Les déclarations racistes s'enchaînent, épousant des thèses racialistes et eugénistes qui rappellent l'idéologie nazie. Selon eux, une personne noire ou arabe ne peut pas rejoindre leur mouvement, même si elle était d'accord avec leurs idées. "Un cochon qui va dans une écurie ça fait pas un cheval, ça reste un cochon", lâche, hilare, un formateur. De très nombreux propos tenus dans cette formation sont des incitations à la haine raciale, punies par loi.

Les Remparts n'en restent pas au terrain des idées, et finissent par joindre la parole aux actes. En février dernier, Sinisha Milinov, ancien porte-parole du groupe âgé de 22 ans est condamné à de la prison ferme avec un autre jeune homme pour une agression à caractère raciste en sortie de boîte de nuit à Lyon. Après les faits, Sinisha Milinov s'était vanté d'avoir poignardé des "bougnes" dans une conversation Telegram. "Bien joué", "Crépol, la revanche", le félicitaient d'autres militants d'ultradroite.

Certains membres des Remparts ont uni leurs forces avec Lyon populaire, un autre mouvement néofasciste qui inquiète particulièrement les autorités. Exceptionnellement, un petit groupe de militants a accepté la présence des caméras de BFMTV lors d'un collage.

Ce soir-là, ils veulent afficher leur soutien aux paysans en pleine crise agricole. "Pas de pays sans paysan soutien aux agriculteurs", peut-on lire sur une affiche qui arbore aussi la roue solaire, symbole néo païen et signature habituelle de l’ultra droite. La photo est immédiatement publiée sur leurs réseaux sociaux. Le but: montrer un visage solidaire et bienveillant. Mais quelques kilomètres plus loin, ils affichent des slogans plus radicaux: "la France aux français" ou encore "Maîtres chez nous".

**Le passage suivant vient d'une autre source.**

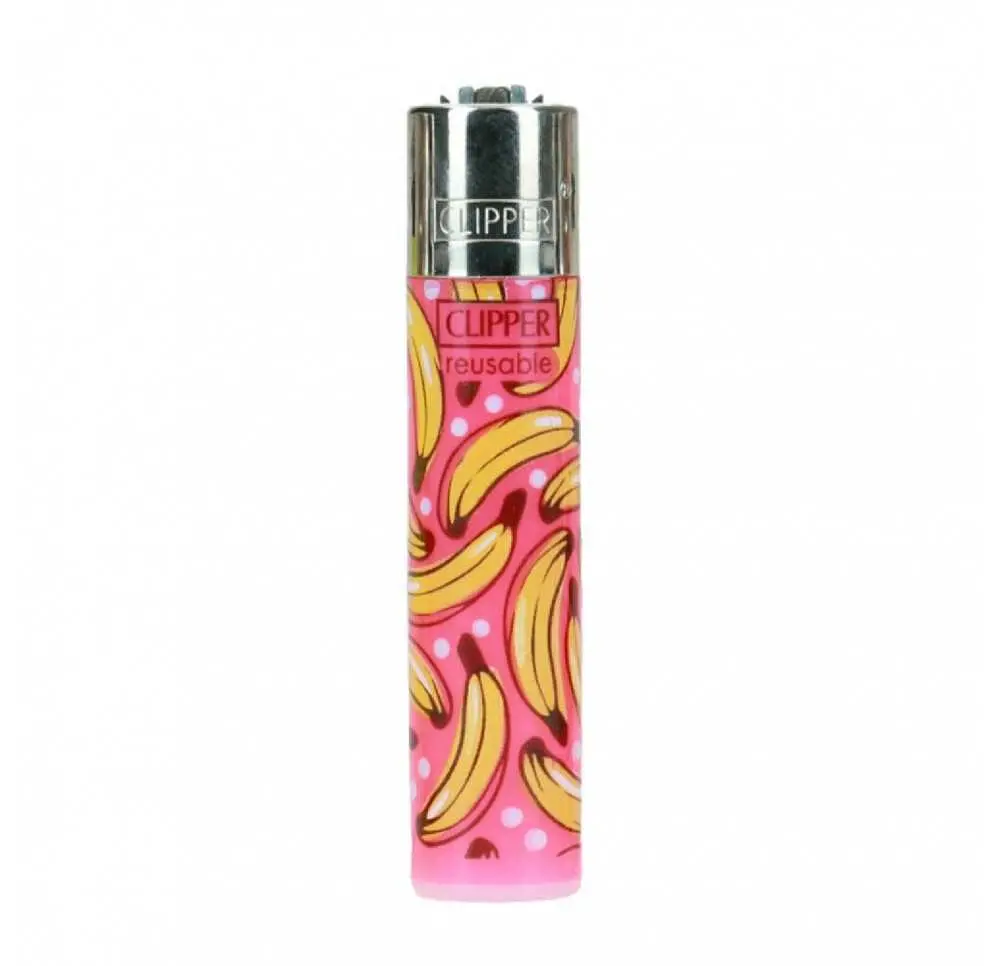 Zapalniczka Krzesiwowa Clipper - Fruity Summer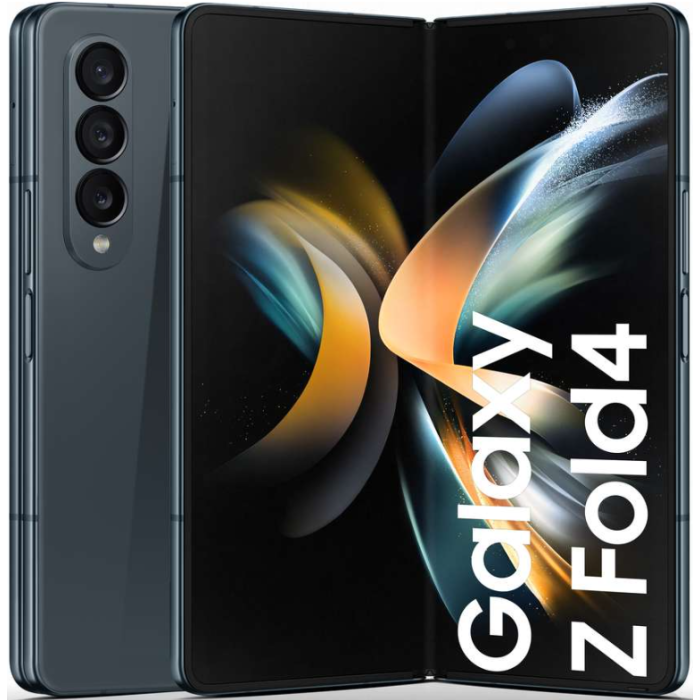 Používaný Samsung Galaxy Z Fold4 5G F936 12GB/512GB Graygreen Trieda A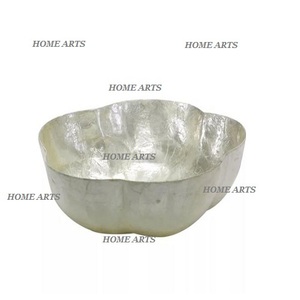 Bol décoratif galvanisé au design classique, qualité exclusive, taille personnalisée, bol à fruits à vendre - Product Image 6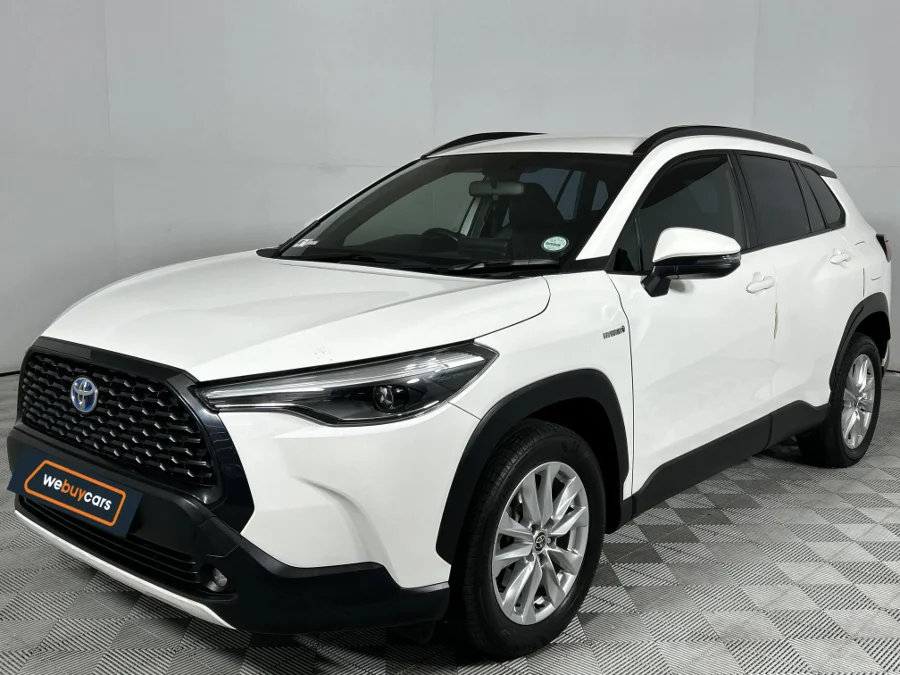 Used 2023 Toyota Corolla Cross 1.8 Hybrid XS - WeBuyCars Lansdowne Used 2023 Toyota Corolla Cross 1.8 Hybrid XS - WeBuyCars Lansdowne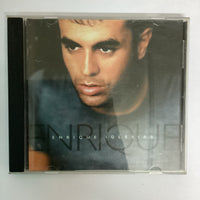 ซีดี Enrique Iglesias - Enrique CD VG+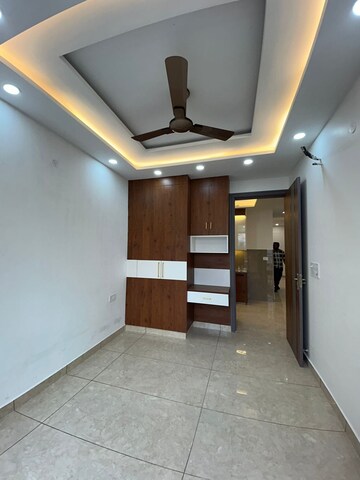 Living Room in 3 BHK Builder Floor at Dwarka Mor – for Sale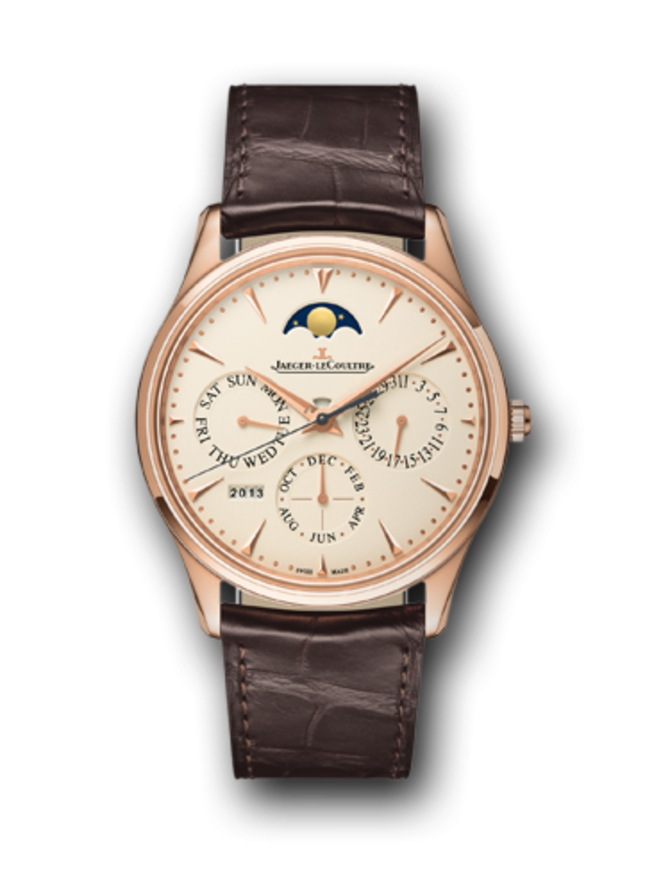 Jaeger LeCoultre 1302520 Master Ultra Thin Perpetual
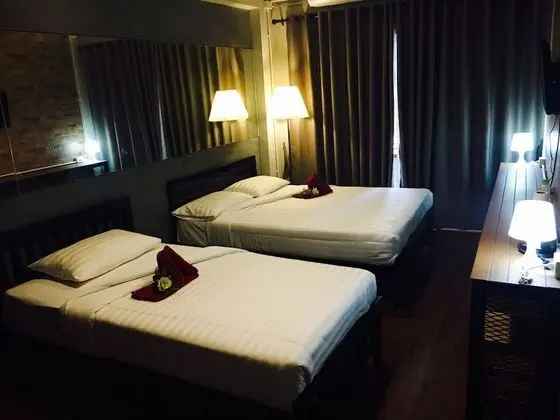 Triple Room with Shower
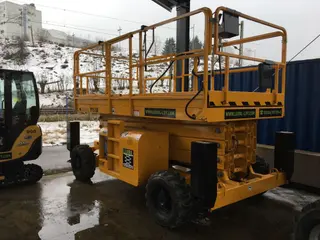 Vorschaubild 1 einer Mietmaschine vom Typ SBD-150 | Haulotte H15SX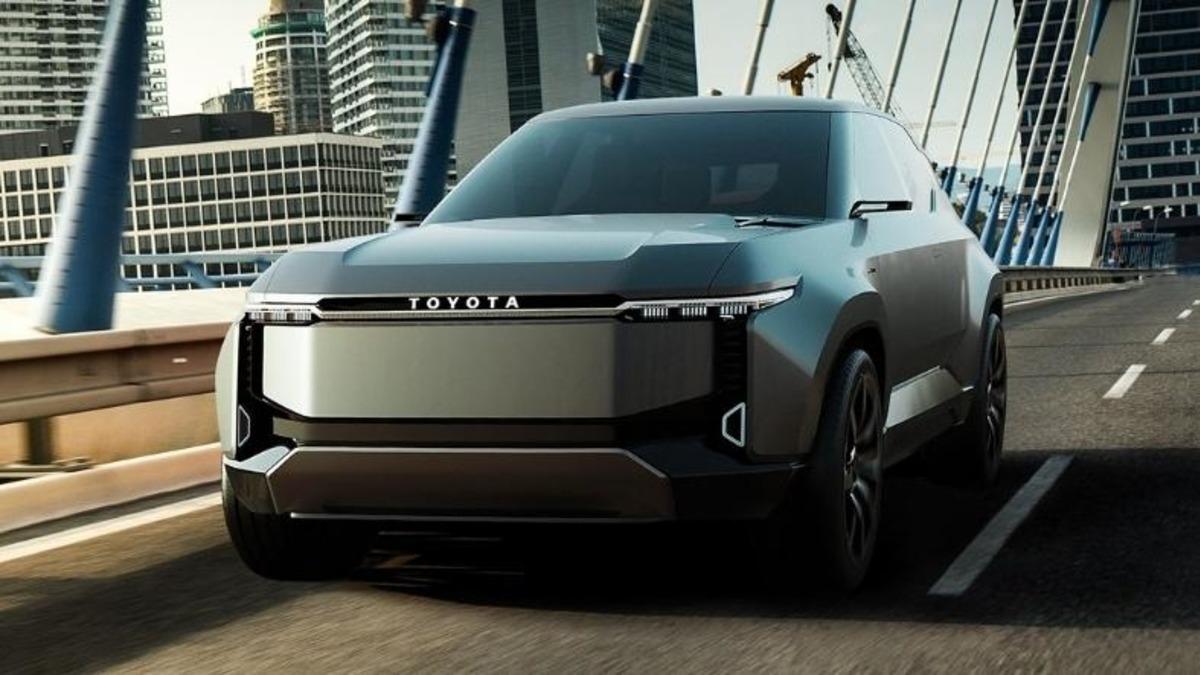 Toyota’dan Tasarımıyla Etkileyen ve Tamamen Elektrikli Land Cruiser Se Geliyor!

Le leader, Elliot Bertin, n’est pas un simple militant. À 26 ans, ce technicien dans l'industrie, fils de militant CGT, est considéré comme le patron de l’ultra droite à Lyon. Avant de fonder Lyon populaire, il était membre du Bastion social, groupe fondé par d'anciens membres du GUD et dissous en 2019.

Sur les réseaux sociaux, Elliott Bertin affiche son goût des armes et se photographie avec une Totenkopf (tête de mort en allemand), l'insigne d’une division SS qui opérait notamment dans les camps de concentration nazis.

Surveillé par les services de renseignement, il se dit prêt à aller très loin pour servir sa cause. "On pense que les enjeux sont plus importants que nos existences. Et de facto, effectivement, on est prêt à sacrifier beaucoup", explique-t-il face à notre caméra.

Quatre mois après notre tournage, il est arrêté et placé en détention provisoire pour une attaque contre un local associatif où se tenait une conférence sur Gaza.